Noraya Reichert indes hatte das Vertrauen zu diesem Pferd gänzlich verloren. Sie ritt ihre beiden Ponys und zwei Stuten. Doch die beiden Pferdedamen laborierten kurz vor den bayerischen Meisterschaften plötzlich an einem dicken Bein. „Es gab nur zwei Möglichkeiten, entweder Noraya reitet gar nicht oder sie reitet Baby“, berichtete Mutter Yara Reichert. Die 15-Jährige überwand ihre Furcht und gab „Baby“ eine zweite Chance. Nur einmal konnte sie die Aufgabe für den ersten Tag durchreiten, die Aufgaben für den zweiten und dritten Tag gar nicht.

Jeden Tag stand die 15-Jährige um fünf Uhr morgens auf und betüdelte ihren Partner. So entstand Vertrauen.

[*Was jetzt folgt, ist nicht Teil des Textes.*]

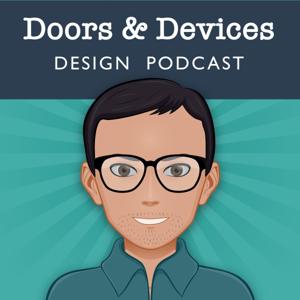 Doors and Devices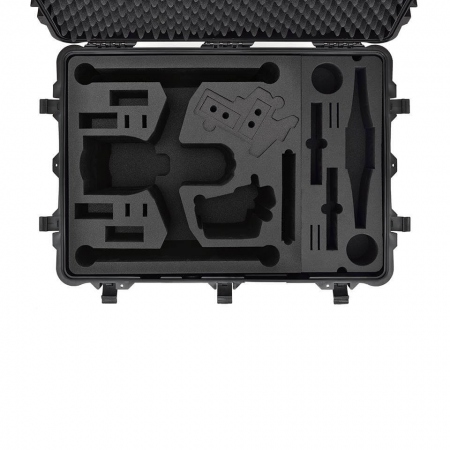 HPRC DJI Inspire2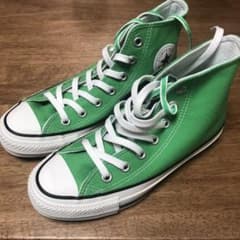 CONVERSE コンバース オールスターチャックテイラーのサムネイル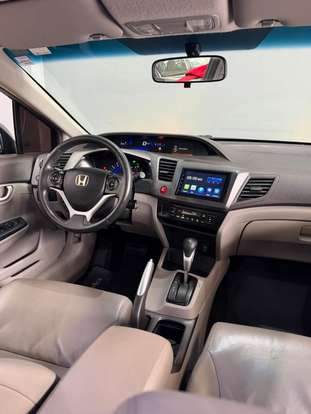 HONDA-CIVIC-2013
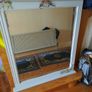 mirror Image 2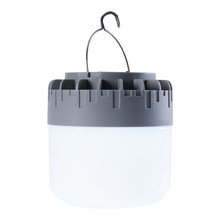 羳Qled늟Ұ¶Iͣ늳ʽ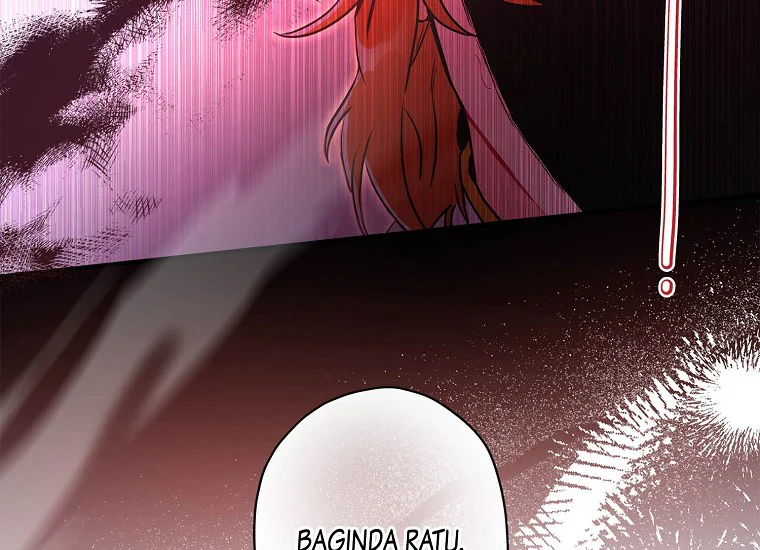 I Became the Male Lead's Adopted Daughter Chapter 80 - halaman 215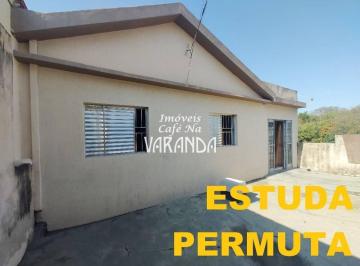 07abbcfb8979d249b2c92e3d49d058054d0de41a · Casa com 3 dormitórios à venda, 117 m² por R$ 650.000,00 - Vila São José - Valinhos/SP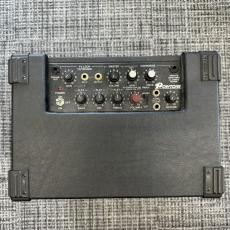 POLYTONE Mini Bruto_2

Springdance wird gespürt haben, dass es um etwas Besonderes ging. Transport, ein fremder Stall, Turnieratmosphäre und ein anderer Tagesrhythmus sind für junge Pferde ungewohnt. Außerdem verlangte man plötzlich etwas anderes von ihm als in den vergangenen Monaten. Da hatte er den Fliegenden Galoppwechsel gelernt, die Schlüssellektion in Prüfungen der Klasse M. Doch Junioren der Altersklasse U16, wie eben Noraya Reichert, reiten auf L-Niveau, also eine Klasse tiefer. Hier ist die Schlüssellektion der Außen- oder Kontergalopp, sozusagen der „falsche“ Galopp. So etwas kann ein erst sechsjähriges Pferd verwirren. Doch Springdance meisterte seine neue Aufgabe mit Bravour. Das rund 700 Kilogramm schwere Pferd ließ sich von einem Fliegengewicht mit 45 Kilo durch die ungewohnte Prüfung reiten.

Und in jeder Vorstellung steigerte sich das Paar. „Ich habe mich immer sicherer auf Baby gefühlt und mich noch mehr zu reiten getraut“, erzählte Noraya glücklich. Ihre Mutter wünschte sich schon lange, dass die beiden zueinanderfinden. „Mit Baby hat sie ein Pferd für die Zukunft“, ist Reichert überzeugt. Natürlich entsteht eine besondere Verbindung nicht nur übers Reiten. Jeden Tag stand die 15-Jährige um fünf Uhr morgens auf, versorgte, putzte und ritt ihre beiden Ponys und Springdance, ging mit ihnen Spazieren und zum Grasen, um den fehlenden Weidegang zu kompensieren, und betüdelte ihre Vierbeiner.

„Babys“ Vater Springbank II VH kam siebenjährig in Reicherts privaten Stall in der Nähe von Landshut. Nach ihren Worten ist er ebenso wie seine Nachkommen „ein Pferd, das alles für seinen Reiter tut“. Der in Schweden gezogene, ganggewaltige, gekörte Fuchshengst sorgte früh mit seinem imposanten Auftreten für Aufsehen und ist im Stall der unangefochtene Boss. „Er ist wie eine Naturgewalt, ein Alphatier. Trotzdem hört er mir zu“, charakterisiert Reichert ihre „ganz große Liebe“.

Wie der Vater so der Sohn: Springdance (li.) ist der Filius von Hengst Springbank II VH.
Wie der Vater so der Sohn: Springdance (li.) ist der Filius von Hengst Springbank II VH. (Foto: Josephine Carstens/Revive Moments/oh)

Das Duo hat sich – nicht zuletzt dank sehr guter Trainer – vom Jungpferde-S-Niveau bis zum Grand-Prix-Niveau weiterentwickelt. Im vergangenen Jahr gelang Reichert der Sprung bis auf internationales Fünf-Sterne-Niveau. Derzeit liegt die 55-Jährige auf Platz 75 der Weltrangliste. Bei den bayerischen Meisterschaften ritt sie zum ersten Mal beide Prüfungen, den Grand Prix und den Grand Prix Special, und wurde jeweils Zweite. Lisa Müller, 56. der Weltrangliste und Gattin von Fußballprofi Thomas Müller, verteidigte mit dem erst zehnjährigen Mondrian erfolgreich ihren Titel vom Vorjahr. „Ich habe diesmal auf das junge Pferd gesetzt, weil ihm alles so leichtfällt. Jetzt bekommt er eine längere Pause“, sagte die 36-Jährige strahlend.

Auch der elfjährige Springbank wird eine längere Turnierpause haben. Anfang August stellt Reichert ihr siebenjähriges Nachwuchspferd Skyline to B bei den Weltmeisterschaften der Jungen Dressurpferde in Verden vor. Vor vier Jahren begann die gemeinsame Karriere mit Springbank auf genau diesem Championat.